**SUPPLIED ENTRIES:**
=== Section Start ===
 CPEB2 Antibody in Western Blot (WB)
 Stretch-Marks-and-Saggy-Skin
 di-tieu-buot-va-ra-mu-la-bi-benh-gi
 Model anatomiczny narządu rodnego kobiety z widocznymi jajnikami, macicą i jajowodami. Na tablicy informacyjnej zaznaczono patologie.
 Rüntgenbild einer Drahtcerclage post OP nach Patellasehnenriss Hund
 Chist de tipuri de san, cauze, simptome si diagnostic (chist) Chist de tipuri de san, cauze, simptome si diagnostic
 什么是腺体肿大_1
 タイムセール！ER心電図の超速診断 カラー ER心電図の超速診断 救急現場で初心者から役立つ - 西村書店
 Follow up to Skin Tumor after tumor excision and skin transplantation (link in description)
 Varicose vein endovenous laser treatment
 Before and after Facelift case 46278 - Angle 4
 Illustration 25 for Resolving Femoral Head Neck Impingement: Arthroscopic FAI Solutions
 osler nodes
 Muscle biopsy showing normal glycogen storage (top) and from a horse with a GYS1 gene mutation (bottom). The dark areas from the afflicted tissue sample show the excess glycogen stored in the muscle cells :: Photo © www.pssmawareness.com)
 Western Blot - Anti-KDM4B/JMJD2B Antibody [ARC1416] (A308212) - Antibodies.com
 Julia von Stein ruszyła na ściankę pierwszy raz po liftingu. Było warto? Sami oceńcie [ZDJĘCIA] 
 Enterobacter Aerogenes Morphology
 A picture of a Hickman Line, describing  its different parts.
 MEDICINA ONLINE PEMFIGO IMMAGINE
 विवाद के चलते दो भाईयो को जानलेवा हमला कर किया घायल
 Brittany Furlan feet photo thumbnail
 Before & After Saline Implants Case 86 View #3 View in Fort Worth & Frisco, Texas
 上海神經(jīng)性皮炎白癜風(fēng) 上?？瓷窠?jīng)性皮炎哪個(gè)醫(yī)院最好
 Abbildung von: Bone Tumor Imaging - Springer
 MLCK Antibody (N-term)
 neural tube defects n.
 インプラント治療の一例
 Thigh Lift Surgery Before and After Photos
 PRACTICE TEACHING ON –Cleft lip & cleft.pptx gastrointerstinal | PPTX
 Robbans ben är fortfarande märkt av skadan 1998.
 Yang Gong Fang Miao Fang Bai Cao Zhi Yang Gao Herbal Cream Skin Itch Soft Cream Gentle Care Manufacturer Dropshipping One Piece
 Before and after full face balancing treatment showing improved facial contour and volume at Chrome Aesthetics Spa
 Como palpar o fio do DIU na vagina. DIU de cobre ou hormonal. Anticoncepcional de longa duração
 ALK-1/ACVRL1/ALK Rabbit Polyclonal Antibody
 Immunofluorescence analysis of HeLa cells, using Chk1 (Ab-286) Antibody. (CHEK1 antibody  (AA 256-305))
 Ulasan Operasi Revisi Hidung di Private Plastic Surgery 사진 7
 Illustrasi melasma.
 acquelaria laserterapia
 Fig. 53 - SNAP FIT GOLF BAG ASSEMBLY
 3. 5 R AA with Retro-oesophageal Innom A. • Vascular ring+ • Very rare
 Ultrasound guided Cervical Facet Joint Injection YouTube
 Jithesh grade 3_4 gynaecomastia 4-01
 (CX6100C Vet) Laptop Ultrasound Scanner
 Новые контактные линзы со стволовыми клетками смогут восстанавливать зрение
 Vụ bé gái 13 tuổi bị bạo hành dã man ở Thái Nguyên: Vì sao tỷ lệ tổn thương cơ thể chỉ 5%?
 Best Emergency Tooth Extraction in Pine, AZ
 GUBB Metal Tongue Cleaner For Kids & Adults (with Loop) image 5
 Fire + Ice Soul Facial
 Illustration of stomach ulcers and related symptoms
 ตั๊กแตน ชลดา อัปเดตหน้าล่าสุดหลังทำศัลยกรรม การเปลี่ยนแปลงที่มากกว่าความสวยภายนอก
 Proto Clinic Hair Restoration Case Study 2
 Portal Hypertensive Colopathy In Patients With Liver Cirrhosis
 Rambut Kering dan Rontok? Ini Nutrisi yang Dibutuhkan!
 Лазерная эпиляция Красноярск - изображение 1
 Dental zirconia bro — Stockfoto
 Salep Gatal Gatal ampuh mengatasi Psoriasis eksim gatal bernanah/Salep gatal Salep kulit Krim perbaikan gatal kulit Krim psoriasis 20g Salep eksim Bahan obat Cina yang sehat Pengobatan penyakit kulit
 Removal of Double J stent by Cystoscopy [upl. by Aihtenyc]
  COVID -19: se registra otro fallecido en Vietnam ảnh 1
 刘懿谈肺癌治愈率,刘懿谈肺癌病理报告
=== Section End ===
**WORK ORDER:** Starting at the line that contains "Jithesh grade 3_4 gynaecomastia 4-01", restate word for word every line through the last one in the records above. Return nothing else.

**RESULT FOR THIS EXERCISE:**
 Jithesh grade 3_4 gynaecomastia 4-01
 (CX6100C Vet) Laptop Ultrasound Scanner
 Новые контактные линзы со стволовыми клетками смогут восстанавливать зрение
 Vụ bé gái 13 tuổi bị bạo hành dã man ở Thái Nguyên: Vì sao tỷ lệ tổn thương cơ thể chỉ 5%?
 Best Emergency Tooth Extraction in Pine, AZ
 GUBB Metal Tongue Cleaner For Kids & Adults (with Loop) image 5
 Fire + Ice Soul Facial
 Illustration of stomach ulcers and related symptoms
 ตั๊กแตน ชลดา อัปเดตหน้าล่าสุดหลังทำศัลยกรรม การเปลี่ยนแปลงที่มากกว่าความสวยภายนอก
 Proto Clinic Hair Restoration Case Study 2
 Portal Hypertensive Colopathy In Patients With Liver Cirrhosis
 Rambut Kering dan Rontok? Ini Nutrisi yang Dibutuhkan!
 Лазерная эпиляция Красноярск - изображение 1
 Dental zirconia bro — Stockfoto
 Salep Gatal Gatal ampuh mengatasi Psoriasis eksim gatal bernanah/Salep gatal Salep kulit Krim perbaikan gatal kulit Krim psoriasis 20g Salep eksim Bahan obat Cina yang sehat Pengobatan penyakit kulit
 Removal of Double J stent by Cystoscopy [upl. by Aihtenyc]
  COVID -19: se registra otro fallecido en Vietnam ảnh 1
 刘懿谈肺癌治愈率,刘懿谈肺癌病理报告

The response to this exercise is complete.